From 2002, the United States poured around $60 million into training and equipping Mali’s Army to fight Al Qaeda in the Islamic Maghreb (AQIM), Islamist militants who have increasingly used the country’s northern hinterland as a base.

However, AQIM’s presence was also an early sign that, more generally, something was wrong in Mali.

'Everyone had something'

Behind an image of democracy, endemic corruption and slapdash governance paved the way toward crisis, writes Yacouba Kone, Mali country manager for the British charity Christian Aid in a September report.

Malian democracy failed to serve ordinary people, Mr. Kone writes. “Rather, it was the entrenchment of a narrow elite that based its power more on patronage and less on popular support, in a bid to control the central government and the economy – both licit and illicit.”

According to Mr. Mara, the cozy relationship between power and personal interest was reflected in a quiescent political establishment.

“In ATT’s regime, everyone had something, so no one contested,” Mara says, using a common nickname for Amadou Toumani Touré, the former president first elected in 2002. “Political parties and civil society didn’t play their role.”

The result was a weak state that appeased rebellious Tuareg in Mali’s north by pulling back the Army, save in time of revolt, and allowed corruption and drug trafficking that in turn helped fund Islamic militancy.

“We had a feeling of impotence,” says Abdel Kader Sissoko, a former senior official in the northern regions of Kidal and Gao who retired last year. “The administration had neither the means nor the opportunity to combat drug trafficking.”

Last March, Army officers frustrated by the government’s inability to contain Tuareg rebels from the National Movement for the Liberation of Azawad (MNLA) ousted Mr. Touré.

Overnight, Islamist militants who had partnered with the MNLA in a marriage of convenience sidelined it instead, and today control northern cities.

In Bamako, an interim government was named in August. But coup leader Capt. Amadou Sanogo still wields influence, says a Western diplomat who was not permitted to speak on-record.

Today, plans are firming up for potential military intervention to dislodge the Islamists: West African countries have pledged troops, and the US and European countries are offering logistical support.

While intervention could take place next year, Western leaders also hope that dialogue with militants might allow a peace deal instead.

'Change'

Whatever happens, many Malians say their country must not revert to business-as-usual.

The first step, says Mara, is holding presidential elections that were derailed by the coup, which in turn should free up development aid frozen when the government fell.

For Mr. Sissoko, more development is crucial to security in the north.

“If people have enough income they won’t have to rely on those who pay them to do bad things,” he says. “The temptation has always been great.”

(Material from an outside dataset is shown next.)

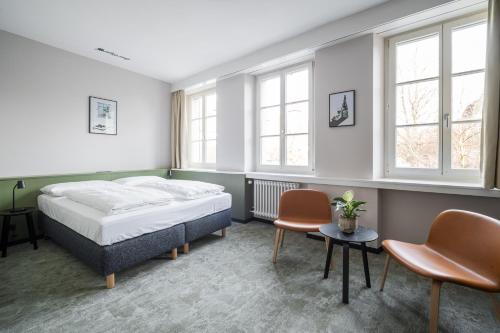卢塞恩Hotel Goldener Stern - contactless check-in的一间卧室配有一张床、两把椅子和窗户
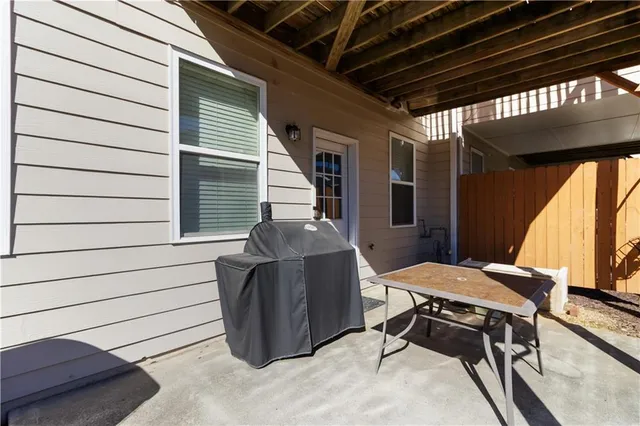 a view of a chairs and table in a patio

Elections would also offer voters a chance to shoot down mainstream political parties, says Mara. He plans to run, presenting himself as an alternative to Mali’s political establishment.

At 37, he is younger than most politicians, he says. Unlike many, he hails from the private sector and founded his own party, Yelema, which means “Change.”

That notion strikes a chord with young Malians like Halachi Maiga, a teacher from the Islamist-held city of Gao, who is also a member of the regional youth council. Last March he watched the city's local elected officials bolt as gunmen invaded.

Leading citizens and civil society members, including himself, assumed the responsibility of managing relations between ordinary people and the Islamists who now run Gao.

“We need to find a way to choose credible leaders,” Mr. Maiga says. “So as not to fall back into the old system of corruption and the corrupt.”